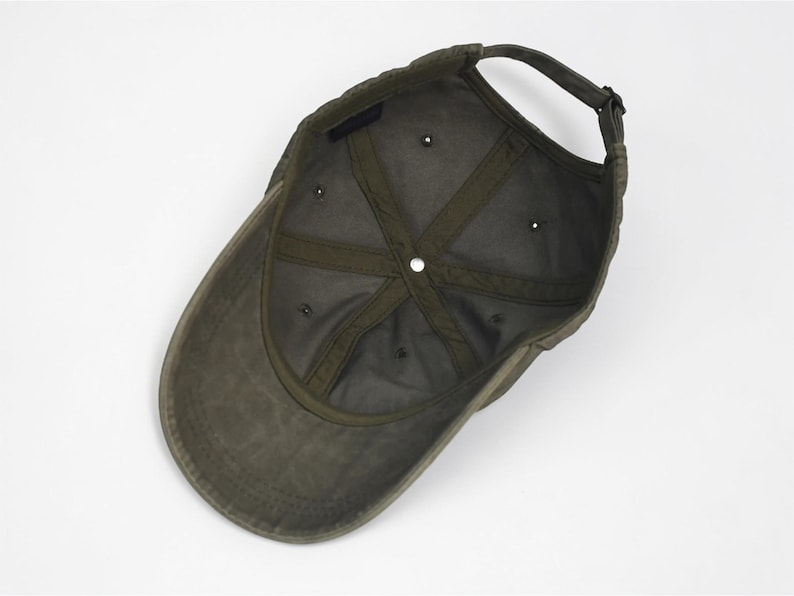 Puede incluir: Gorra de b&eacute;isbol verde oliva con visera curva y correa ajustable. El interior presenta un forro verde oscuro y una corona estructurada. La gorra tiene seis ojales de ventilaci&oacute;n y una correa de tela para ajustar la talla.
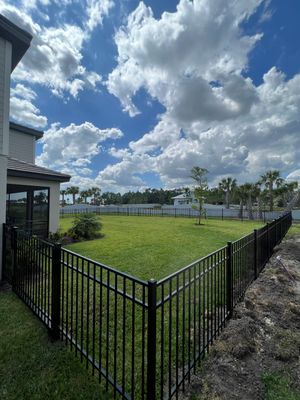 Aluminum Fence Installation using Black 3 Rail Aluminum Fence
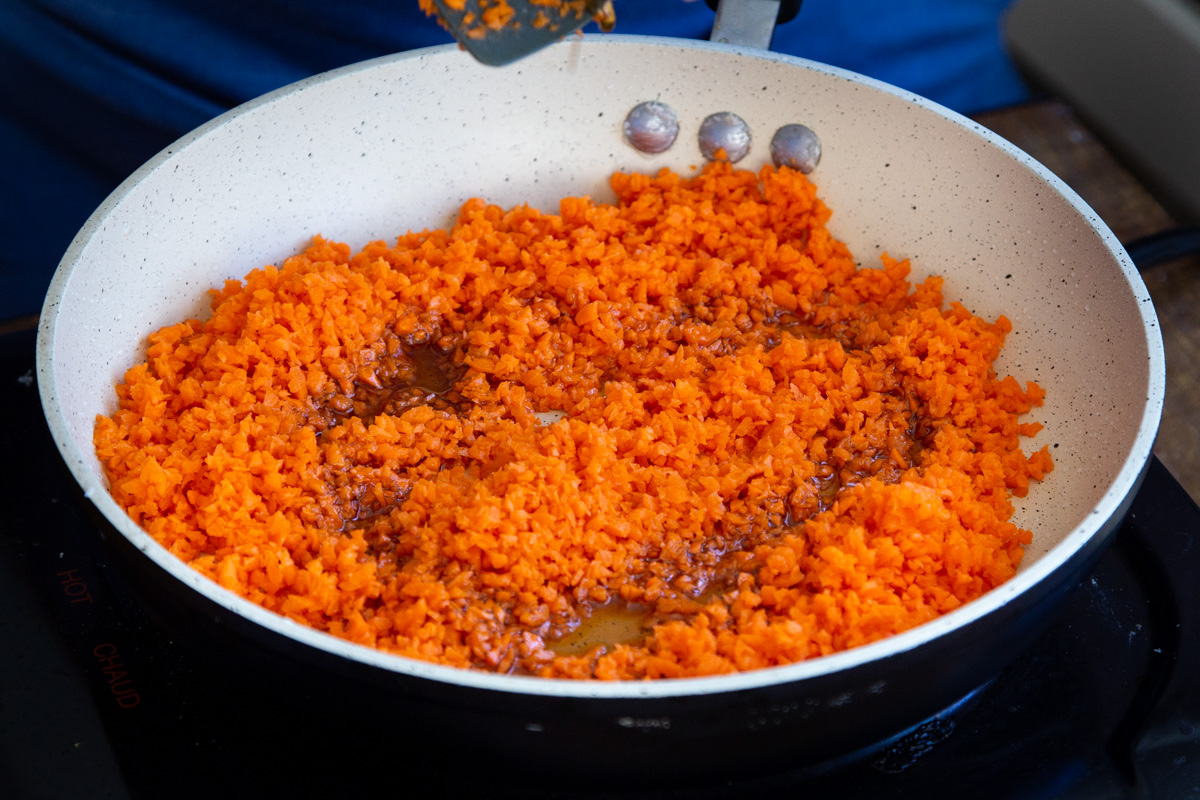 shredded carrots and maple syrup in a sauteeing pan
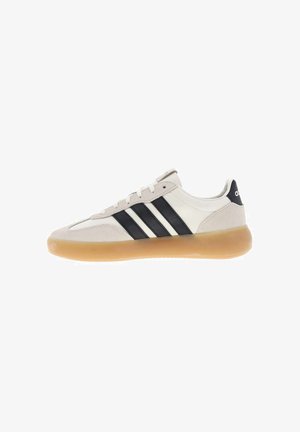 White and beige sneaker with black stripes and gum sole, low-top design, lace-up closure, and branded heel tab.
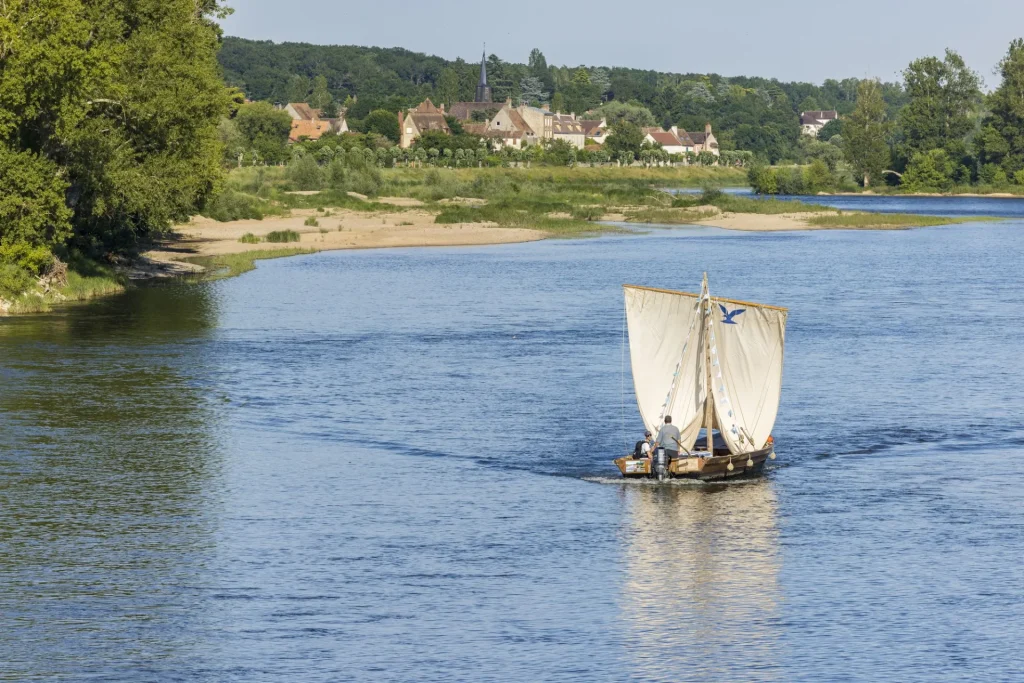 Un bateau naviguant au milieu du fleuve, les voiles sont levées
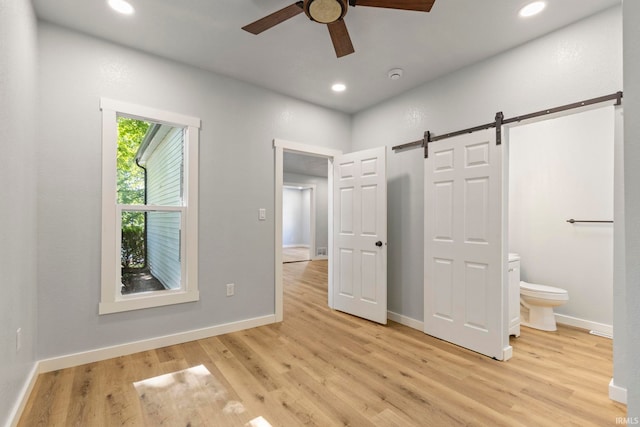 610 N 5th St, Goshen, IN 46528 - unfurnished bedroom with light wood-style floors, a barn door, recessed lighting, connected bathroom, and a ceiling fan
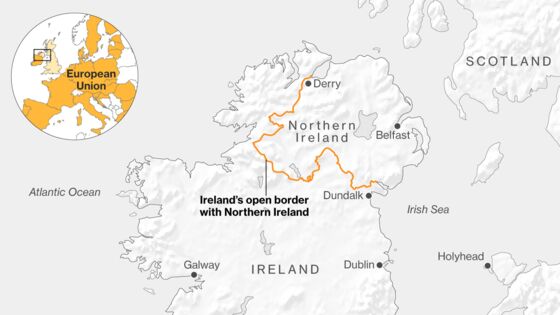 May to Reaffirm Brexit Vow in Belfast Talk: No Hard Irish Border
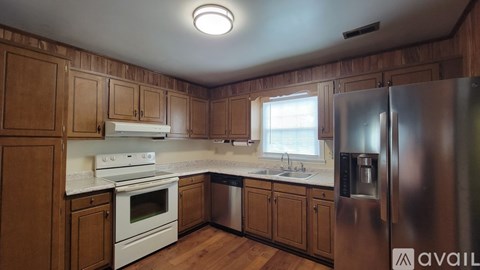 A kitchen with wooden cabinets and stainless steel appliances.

* * *

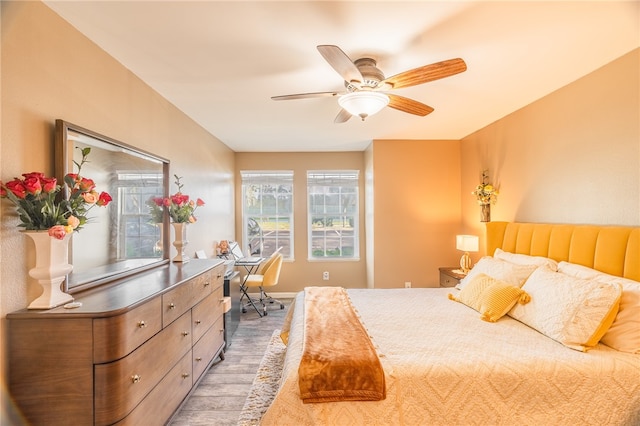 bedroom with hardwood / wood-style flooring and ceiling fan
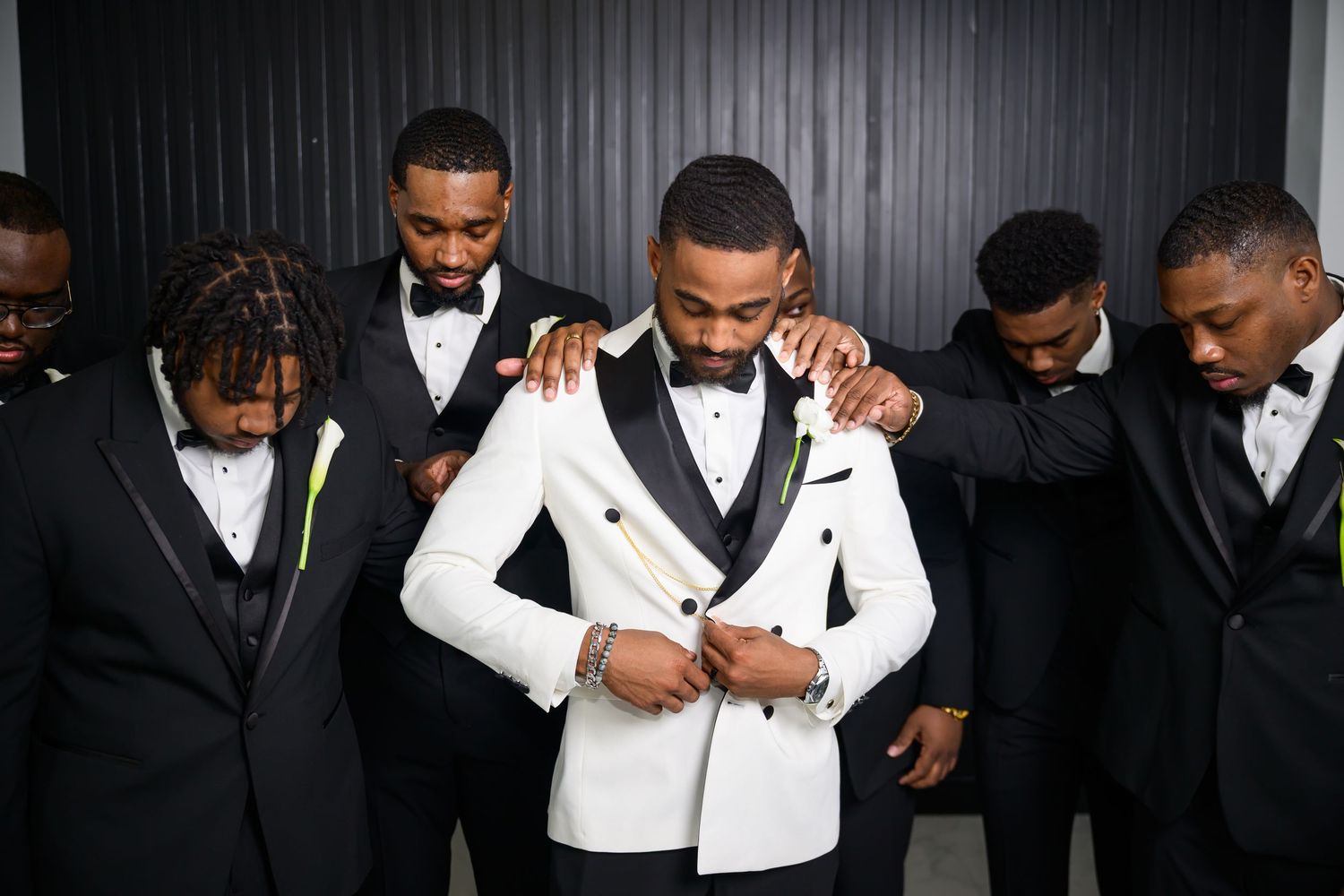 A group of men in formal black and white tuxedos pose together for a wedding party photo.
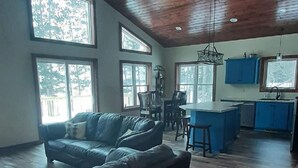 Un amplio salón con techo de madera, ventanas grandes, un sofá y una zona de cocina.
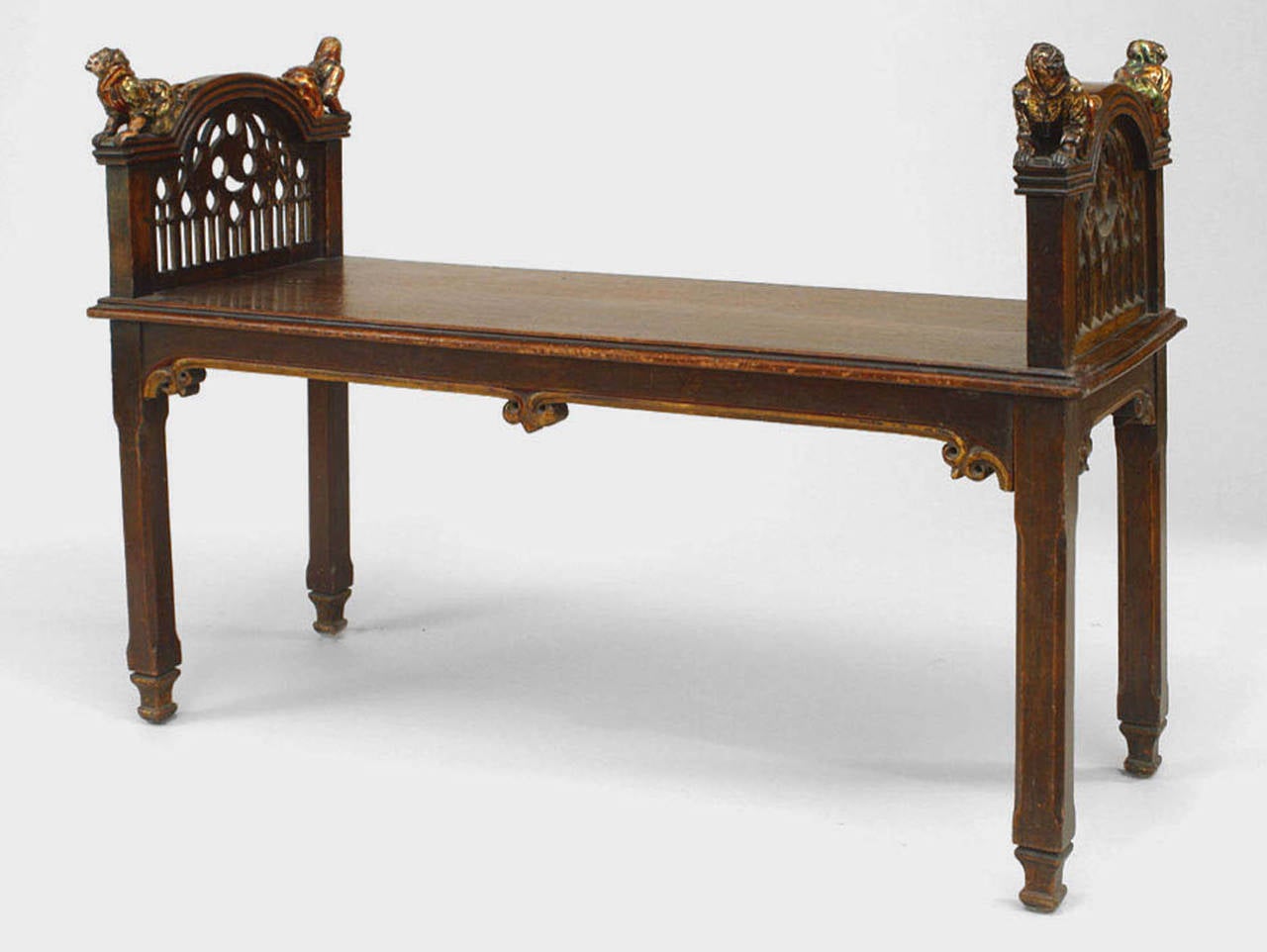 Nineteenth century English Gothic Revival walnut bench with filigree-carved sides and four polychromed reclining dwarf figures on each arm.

==

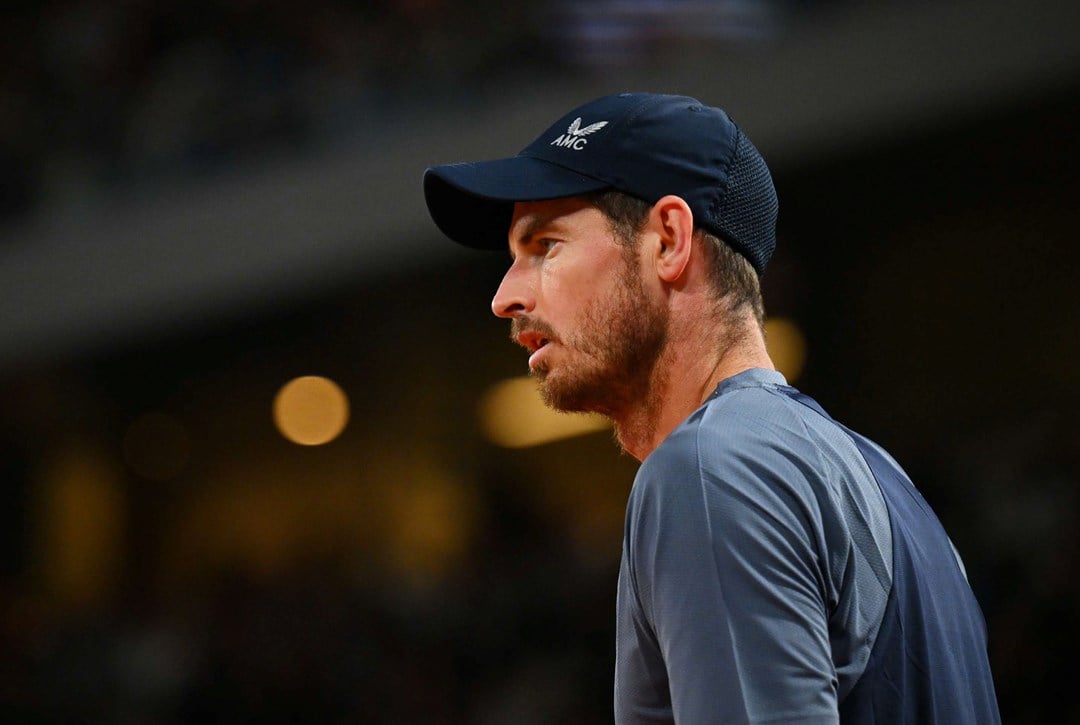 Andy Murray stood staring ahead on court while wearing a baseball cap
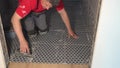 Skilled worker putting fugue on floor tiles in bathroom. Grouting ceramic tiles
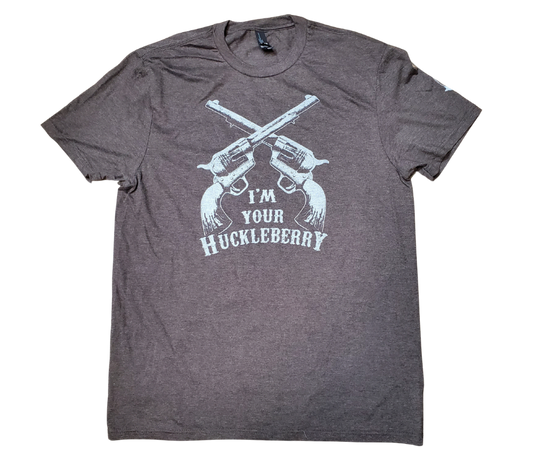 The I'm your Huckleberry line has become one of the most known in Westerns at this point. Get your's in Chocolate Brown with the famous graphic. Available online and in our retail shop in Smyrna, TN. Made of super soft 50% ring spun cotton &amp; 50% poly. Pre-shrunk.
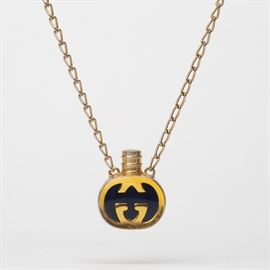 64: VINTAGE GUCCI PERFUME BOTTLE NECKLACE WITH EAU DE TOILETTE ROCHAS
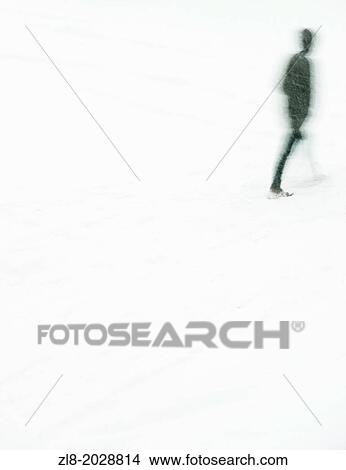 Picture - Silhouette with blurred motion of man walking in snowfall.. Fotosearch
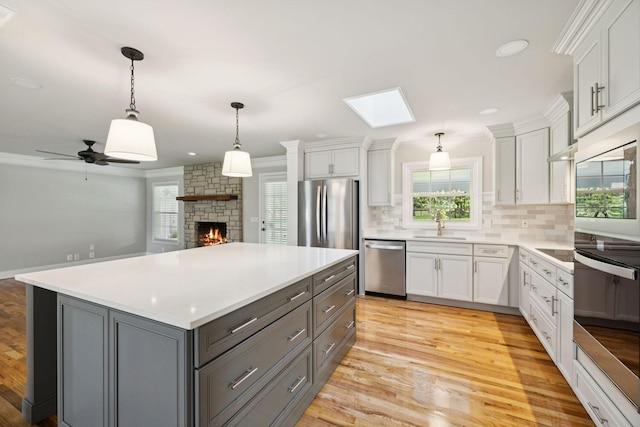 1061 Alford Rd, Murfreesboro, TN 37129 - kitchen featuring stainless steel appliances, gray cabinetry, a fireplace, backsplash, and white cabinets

Work to complete: Beginning with the line above that contains "Puede incluir: Gorra" and ending with the line that contains "A kitchen with", quote each line exactly, keeping out the pictures.

Answer section:
 Puede incluir: Gorra de b&eacute;isbol verde oliva con visera curva y correa ajustable. El interior presenta un forro verde oscuro y una corona estructurada. La gorra tiene seis ojales de ventilaci&oacute;n y una correa de tela para ajustar la talla.
 Aluminum Fence Installation using Black 3 Rail Aluminum Fence
 shredded carrots and maple syrup in a sauteeing pan
 White and beige sneaker with black stripes and gum sole, low-top design, lace-up closure, and branded heel tab.
 Un bateau naviguant au milieu du fleuve, les voiles sont levées
 610 N 5th St, Goshen, IN 46528 - unfurnished bedroom with light wood-style floors, a barn door, recessed lighting, connected bathroom, and a ceiling fan
 May to Reaffirm Brexit Vow in Belfast Talk: No Hard Irish Border
 A kitchen with wooden cabinets and stainless steel appliances.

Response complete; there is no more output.